Conclusions and order

  1. In all of the circumstances, the Court has decided that the conduct of Allblend Holdings the subject of this costs application does not constitute an unreasonable act or omission for the purposes of s.824(2) of the WR Act. It follows, therefore, that the applicant’s application for costs:

    a)thrown away of mediation on 30 November and 7 December 2009; and

    b)of the Interim Application,

    must be dismissed. There will be an order accordingly.

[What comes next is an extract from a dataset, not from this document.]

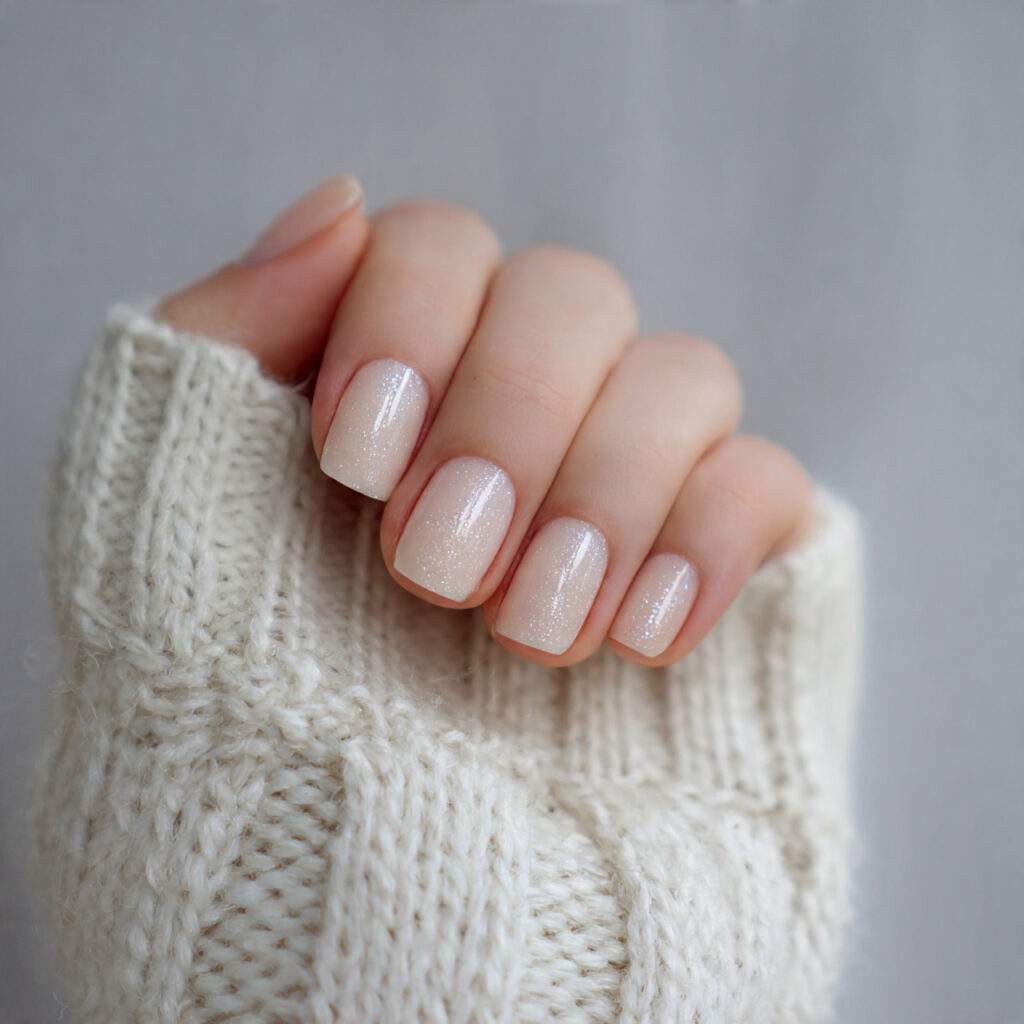 minimal january nails with single accent nail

I certify that the preceding twenty-three (23) paragraphs are a true copy of the reasons for judgment of Lucev FM

Associate:  S. Gough

Date:  4 June 2010


[12] Clarke FCR at 582-583 per Tamberlin, Gyles and Gilmour JJ; FCAFC at paras.28-30 per Tamberlin Gyles and Gilmour JJ. This Court has applied Clarke in relation to costs applications concerning s.570 of the Fair Work Act 2009 (Cth) (“FW Act”), which is the equivalent of s.824 of the WR Act for relevant purposes: see Rentuza v Westside Auto Wholesale (2009) 236 FLR 231 at 237-238 per Lucev FM; [2009] FMCA 1022 at paras.25-28 per Lucev FM; Hughes v Mainrange Corporation Pty Ltd(No. 2) (2009) 190 IR 351 at 355 per Lucev FM; [2009] FMCA 1044 at paras.18-21 per Lucev FM (“Mainrange Corporation (No. 2)”).